Like 'The People of Sand and Slag' and 'The Pasho', 'The Calorie Man' is set in a future of decline. It would probably be too strong to call these stories post-apocalyptic--the processes that lead to their worlds seem to have been more gradual than that--but they are all, in some way, lesser than our own. Lesser in spirit; lesser in knowledge; lesser, in the new story, in energy. 'The Calorie Man' takes place when fossil fuels have been exhausted. In its place, food is used as a universal energy source. The story opens with the protagonist, Lalji, visiting a kinetic shop; there he collects his springs, recharged by the labours of designed, degenerate beasts known as mulies. Calories have been converted to joules, and now the springs are tightly wound, ready to power his riverboat's engines for another few miles of travel.
Of course, in such a world, big business still exists. The biotech companies are now energy companies as well; their high-yield, energy-rich crops are patented, copyrighted and controlled, a coupling between food, energy and currency that has crippled society. All along the mississippi, small towns and villages pay their IP dues and ship calories downriver to New Orleans. The reason for Lalji's journey is to make a strike back at the men in control.
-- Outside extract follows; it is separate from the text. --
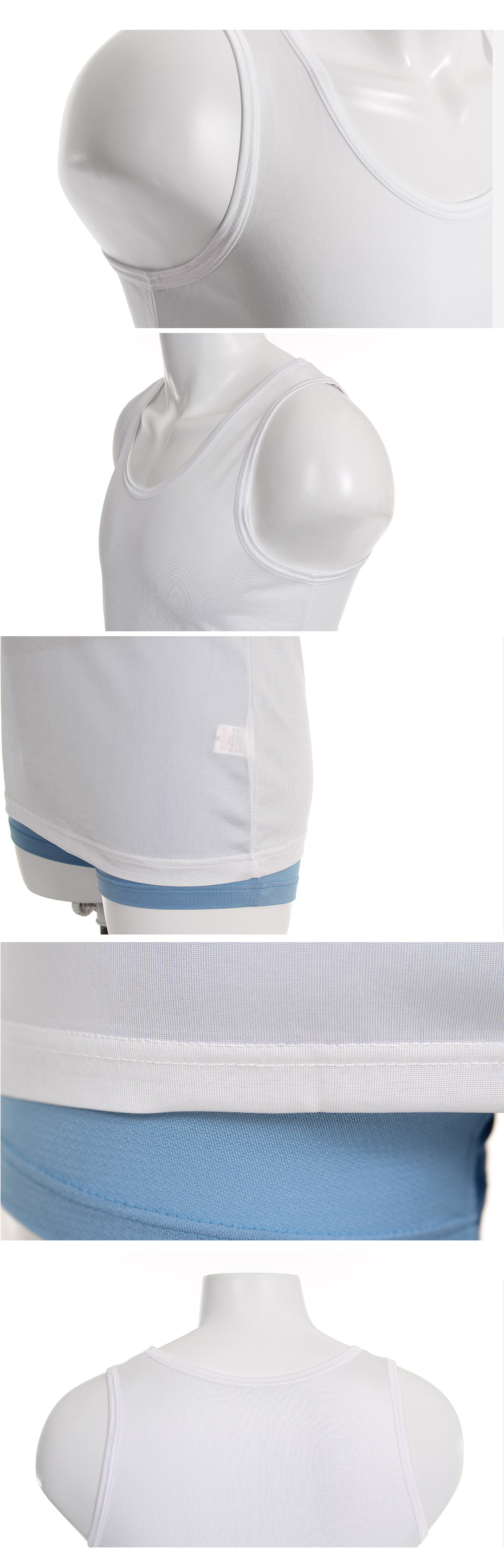 풍기인견 상세설명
He goes upriver to find a man, a calorie man, who may be just another generipper--one of those responsible for the state of things; 'generippers make monoculture', Lalji notes bitterly--or who may be able to help.
'The Calorie Man' is not as fully successful as some of Bacigalupi's earlier stories. Lalji's characterisation is by-the-numbers: a small-time crook convinced against his better judgement to take a job that could change society. His memories allow us to see the way the world has diminished, but he himself never comes alive. The writing, too, is generally not as imaginative or as vivid as we have come to expect (although there are occasional gleams through the grime, so it may be to an extent deliberate), and Bacigalupi's naming of things seems clunky and unlikely: SoyPRO, SuperFlavor, HiGro, AgriGen.
The setting and story, however, are elegantly built. Perhaps the best thing about both is their solidity. The economics of the society may or may not be plausible, but for the length of a novella they convince, enough to allow Bacigalupi to make perceptive and timely points about what defines haves and the have-nots, on both local and global scales. The technology, meanwhile, is enthralling, all dirty low-tech shortcuts laid over inaccessible high-tech foundations. The extent and implications of the genetic modification employed only become apparent towards the end of the story, but there is never a sense that the science itself is misguided; rather, it is a human failing, the ends to which it has been put. In fact, it is the same science that offers hope. Thoughtful stories about the possible effects of biotechnology are still not as common as they should be, and neither are stories about post-petroleum worlds. 'The Calorie Man' is a welcome addition to both canons.